SkillMatch: Evaluating Self-supervised Learning of Skill Relatedness

Jens-Joris Decorte,Jeroen Van Hautte,Thomas Demeester,Chris Develder
2024-10-07
Abstract:Accurately modeling the relationships between skills is a crucial part of human resources processes such as recruitment and employee development. Yet, no benchmarks exist to evaluate such methods directly. We construct and release SkillMatch, a benchmark for the task of skill relatedness, based on expert knowledge mining from millions of job ads. Additionally, we propose a scalable self-supervised learning technique to adapt a Sentence-BERT model based on skill co-occurrence in job ads. This new method greatly surpasses traditional models for skill relatedness as measured on SkillMatch. By releasing SkillMatch publicly, we aim to contribute a foundation for research towards increased accuracy and transparency of skill-based recommendation systems.
Computation and Language
What problem does this paper attempt to address?

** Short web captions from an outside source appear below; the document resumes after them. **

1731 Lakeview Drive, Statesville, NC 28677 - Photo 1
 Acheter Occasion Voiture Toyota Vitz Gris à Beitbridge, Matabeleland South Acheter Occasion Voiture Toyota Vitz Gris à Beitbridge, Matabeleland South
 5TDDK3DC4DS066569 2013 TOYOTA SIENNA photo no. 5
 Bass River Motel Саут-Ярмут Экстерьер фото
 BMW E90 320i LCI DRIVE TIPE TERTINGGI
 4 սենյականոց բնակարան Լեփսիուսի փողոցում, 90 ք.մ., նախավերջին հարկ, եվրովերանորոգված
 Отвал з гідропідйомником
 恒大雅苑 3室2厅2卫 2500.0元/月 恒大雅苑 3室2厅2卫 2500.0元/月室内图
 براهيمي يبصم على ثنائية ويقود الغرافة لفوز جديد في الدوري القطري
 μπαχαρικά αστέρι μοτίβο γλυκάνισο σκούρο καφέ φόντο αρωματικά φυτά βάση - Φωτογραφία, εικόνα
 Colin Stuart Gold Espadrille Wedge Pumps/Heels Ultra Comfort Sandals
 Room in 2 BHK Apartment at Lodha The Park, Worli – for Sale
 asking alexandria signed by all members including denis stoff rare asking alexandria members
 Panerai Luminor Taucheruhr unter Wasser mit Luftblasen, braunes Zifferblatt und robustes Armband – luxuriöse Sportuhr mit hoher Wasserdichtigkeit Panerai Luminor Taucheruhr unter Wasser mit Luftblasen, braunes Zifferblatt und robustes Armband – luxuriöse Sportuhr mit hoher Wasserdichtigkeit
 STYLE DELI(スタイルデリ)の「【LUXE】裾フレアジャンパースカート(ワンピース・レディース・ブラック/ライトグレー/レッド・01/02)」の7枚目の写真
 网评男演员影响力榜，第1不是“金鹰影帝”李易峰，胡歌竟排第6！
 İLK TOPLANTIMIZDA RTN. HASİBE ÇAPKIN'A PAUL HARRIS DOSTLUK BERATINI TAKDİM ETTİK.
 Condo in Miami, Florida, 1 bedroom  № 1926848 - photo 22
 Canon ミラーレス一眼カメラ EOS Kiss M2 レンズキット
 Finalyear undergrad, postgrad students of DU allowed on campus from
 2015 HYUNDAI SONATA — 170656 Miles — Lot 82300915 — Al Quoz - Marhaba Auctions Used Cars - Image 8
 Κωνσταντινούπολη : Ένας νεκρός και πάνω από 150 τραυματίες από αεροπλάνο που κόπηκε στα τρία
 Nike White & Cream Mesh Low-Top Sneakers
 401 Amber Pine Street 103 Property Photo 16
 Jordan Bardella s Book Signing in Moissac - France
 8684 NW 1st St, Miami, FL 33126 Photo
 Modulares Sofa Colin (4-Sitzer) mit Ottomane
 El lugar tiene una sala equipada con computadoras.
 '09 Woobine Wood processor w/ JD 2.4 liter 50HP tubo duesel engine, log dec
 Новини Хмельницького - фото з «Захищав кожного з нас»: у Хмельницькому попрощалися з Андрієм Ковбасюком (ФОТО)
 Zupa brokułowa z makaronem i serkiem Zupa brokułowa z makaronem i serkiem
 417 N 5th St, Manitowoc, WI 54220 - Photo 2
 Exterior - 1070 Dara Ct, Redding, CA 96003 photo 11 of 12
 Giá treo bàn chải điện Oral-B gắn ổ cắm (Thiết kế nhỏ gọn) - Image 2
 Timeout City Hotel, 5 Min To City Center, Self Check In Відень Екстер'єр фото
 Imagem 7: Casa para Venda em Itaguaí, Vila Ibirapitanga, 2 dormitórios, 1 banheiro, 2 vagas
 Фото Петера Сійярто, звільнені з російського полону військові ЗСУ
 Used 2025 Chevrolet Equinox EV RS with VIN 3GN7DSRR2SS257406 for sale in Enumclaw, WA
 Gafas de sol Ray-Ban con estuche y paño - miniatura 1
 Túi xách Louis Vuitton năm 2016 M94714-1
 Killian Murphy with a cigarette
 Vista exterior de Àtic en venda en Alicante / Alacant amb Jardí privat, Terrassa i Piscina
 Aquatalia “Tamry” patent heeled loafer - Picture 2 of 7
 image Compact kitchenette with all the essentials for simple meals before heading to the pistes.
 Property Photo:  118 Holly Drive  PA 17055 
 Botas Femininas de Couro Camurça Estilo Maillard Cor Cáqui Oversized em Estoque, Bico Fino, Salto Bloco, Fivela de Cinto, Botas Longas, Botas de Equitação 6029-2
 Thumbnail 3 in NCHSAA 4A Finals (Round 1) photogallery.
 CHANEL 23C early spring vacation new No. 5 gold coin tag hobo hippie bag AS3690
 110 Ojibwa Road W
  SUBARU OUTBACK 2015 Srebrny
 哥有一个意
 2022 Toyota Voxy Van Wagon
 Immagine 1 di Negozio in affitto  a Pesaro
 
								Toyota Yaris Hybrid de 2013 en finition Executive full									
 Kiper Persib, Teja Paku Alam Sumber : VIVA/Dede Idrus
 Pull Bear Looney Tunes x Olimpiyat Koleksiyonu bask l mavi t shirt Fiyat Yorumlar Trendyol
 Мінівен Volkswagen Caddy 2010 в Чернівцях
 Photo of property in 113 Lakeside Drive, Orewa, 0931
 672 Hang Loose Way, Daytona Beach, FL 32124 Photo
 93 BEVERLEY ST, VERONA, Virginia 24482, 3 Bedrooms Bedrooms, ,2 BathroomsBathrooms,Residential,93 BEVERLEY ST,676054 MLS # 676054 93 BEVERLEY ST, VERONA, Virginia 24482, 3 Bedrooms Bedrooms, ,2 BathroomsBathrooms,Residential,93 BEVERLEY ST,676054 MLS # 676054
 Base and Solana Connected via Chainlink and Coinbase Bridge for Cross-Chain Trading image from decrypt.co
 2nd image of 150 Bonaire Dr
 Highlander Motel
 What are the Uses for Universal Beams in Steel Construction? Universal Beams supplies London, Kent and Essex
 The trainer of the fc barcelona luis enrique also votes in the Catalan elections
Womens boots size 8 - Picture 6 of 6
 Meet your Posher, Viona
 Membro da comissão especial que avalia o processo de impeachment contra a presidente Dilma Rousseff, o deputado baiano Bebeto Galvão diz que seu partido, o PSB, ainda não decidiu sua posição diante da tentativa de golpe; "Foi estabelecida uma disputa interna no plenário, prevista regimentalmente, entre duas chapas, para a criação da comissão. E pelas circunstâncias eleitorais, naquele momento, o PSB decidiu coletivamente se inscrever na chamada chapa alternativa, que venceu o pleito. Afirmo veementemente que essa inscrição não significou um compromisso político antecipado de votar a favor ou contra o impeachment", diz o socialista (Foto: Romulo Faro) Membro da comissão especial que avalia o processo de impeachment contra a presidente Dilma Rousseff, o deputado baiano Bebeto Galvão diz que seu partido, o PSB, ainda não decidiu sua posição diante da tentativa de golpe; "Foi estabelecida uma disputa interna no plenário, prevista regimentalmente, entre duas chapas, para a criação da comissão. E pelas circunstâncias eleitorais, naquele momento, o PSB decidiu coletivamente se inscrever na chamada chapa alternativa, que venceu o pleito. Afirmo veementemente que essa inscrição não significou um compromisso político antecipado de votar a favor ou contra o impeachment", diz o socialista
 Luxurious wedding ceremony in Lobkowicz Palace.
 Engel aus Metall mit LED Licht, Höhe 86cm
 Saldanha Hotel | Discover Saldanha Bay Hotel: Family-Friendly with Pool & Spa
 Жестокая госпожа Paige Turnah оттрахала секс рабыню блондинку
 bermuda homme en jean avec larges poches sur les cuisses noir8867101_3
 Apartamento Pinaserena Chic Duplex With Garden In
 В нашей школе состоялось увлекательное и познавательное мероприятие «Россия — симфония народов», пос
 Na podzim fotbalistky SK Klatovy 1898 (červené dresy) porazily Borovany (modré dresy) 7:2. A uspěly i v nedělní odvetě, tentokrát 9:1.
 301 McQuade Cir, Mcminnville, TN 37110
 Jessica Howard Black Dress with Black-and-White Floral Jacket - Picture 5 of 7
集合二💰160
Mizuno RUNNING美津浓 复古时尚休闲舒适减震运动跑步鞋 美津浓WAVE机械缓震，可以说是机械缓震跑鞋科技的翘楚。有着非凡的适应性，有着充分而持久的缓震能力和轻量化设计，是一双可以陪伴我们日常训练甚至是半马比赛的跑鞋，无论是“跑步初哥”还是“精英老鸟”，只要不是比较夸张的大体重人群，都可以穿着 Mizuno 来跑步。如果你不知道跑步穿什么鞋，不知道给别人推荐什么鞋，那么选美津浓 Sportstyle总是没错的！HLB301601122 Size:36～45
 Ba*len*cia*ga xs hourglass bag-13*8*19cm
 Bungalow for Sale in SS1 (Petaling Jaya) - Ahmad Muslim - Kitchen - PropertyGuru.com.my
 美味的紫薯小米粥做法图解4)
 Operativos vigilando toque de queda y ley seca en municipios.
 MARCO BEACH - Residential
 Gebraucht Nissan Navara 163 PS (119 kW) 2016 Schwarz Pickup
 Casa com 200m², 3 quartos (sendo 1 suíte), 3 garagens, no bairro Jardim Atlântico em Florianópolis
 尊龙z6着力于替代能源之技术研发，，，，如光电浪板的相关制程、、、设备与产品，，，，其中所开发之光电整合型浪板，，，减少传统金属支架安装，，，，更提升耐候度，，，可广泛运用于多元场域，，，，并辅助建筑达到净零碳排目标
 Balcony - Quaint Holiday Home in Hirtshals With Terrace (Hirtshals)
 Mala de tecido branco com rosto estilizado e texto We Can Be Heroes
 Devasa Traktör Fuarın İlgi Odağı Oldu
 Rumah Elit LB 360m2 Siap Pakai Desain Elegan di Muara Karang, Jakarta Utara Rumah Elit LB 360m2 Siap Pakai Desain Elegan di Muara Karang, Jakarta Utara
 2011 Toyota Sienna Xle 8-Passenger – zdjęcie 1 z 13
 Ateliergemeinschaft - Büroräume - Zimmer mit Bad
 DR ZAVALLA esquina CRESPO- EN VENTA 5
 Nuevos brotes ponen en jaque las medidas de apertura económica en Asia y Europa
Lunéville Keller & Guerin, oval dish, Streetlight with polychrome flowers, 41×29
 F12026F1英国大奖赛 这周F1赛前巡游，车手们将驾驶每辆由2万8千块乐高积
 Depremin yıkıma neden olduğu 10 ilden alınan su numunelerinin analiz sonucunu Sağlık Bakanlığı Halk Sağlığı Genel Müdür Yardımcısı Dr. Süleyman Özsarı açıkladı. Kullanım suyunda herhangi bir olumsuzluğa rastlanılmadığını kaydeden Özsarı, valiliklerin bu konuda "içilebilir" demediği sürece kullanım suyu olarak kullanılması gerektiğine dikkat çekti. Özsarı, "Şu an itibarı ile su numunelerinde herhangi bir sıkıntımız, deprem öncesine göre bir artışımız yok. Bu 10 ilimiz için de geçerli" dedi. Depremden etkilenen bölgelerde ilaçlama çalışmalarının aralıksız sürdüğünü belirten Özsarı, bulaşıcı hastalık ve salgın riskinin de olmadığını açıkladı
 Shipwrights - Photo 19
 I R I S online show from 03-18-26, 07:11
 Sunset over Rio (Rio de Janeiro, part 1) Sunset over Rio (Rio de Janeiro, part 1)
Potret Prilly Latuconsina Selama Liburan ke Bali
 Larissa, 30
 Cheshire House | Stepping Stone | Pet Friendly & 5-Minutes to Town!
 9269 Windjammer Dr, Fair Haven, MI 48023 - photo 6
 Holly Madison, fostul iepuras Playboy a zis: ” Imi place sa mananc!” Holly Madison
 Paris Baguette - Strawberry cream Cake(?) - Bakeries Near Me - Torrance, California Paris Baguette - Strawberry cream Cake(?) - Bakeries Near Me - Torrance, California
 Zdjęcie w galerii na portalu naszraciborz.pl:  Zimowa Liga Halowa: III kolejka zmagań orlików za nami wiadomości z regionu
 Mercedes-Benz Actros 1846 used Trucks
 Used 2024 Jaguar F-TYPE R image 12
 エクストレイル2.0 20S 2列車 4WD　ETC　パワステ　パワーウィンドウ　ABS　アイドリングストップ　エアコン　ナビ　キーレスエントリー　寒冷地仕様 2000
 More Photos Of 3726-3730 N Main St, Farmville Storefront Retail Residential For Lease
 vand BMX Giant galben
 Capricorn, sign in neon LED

The main goal of this paper is to address the issue of skill relevance modeling in Human Resources (HR) processes. Specifically, the authors propose a new benchmark dataset called SkillMatch for evaluating methods of skill relevance. Additionally, they introduce a self-supervised learning technique based on skill co-occurrence in job advertisements to improve the performance of the Sentence-BERT model on skill relevance tasks. The key contributions of the paper include: 1. **Construction of the SkillMatch dataset**: By mining expert knowledge from millions of job advertisements, a benchmark dataset of skill relevance containing positive and negative sample pairs was created. This dataset aims to provide a standard for directly evaluating the performance of skill relevance methods. 2. **Proposing a new self-supervised learning method**: A self-supervised learning technique based on skill co-occurrence was developed to adapt the Sentence-BERT model. This method leverages the co-occurrence patterns of skills in job advertisements to better capture the relationships between skills. 3. **Experimental validation**: By comparing the performance of various models (such as Word2Vec, fastText, and Sentence-BERT) on the SkillMatch dataset, the newly proposed self-supervised learning method was shown to have significant advantages in skill relevance tasks. By releasing the SkillMatch dataset, the authors hope to provide a foundation for future research to improve the accuracy and transparency of skill-based recommendation systems.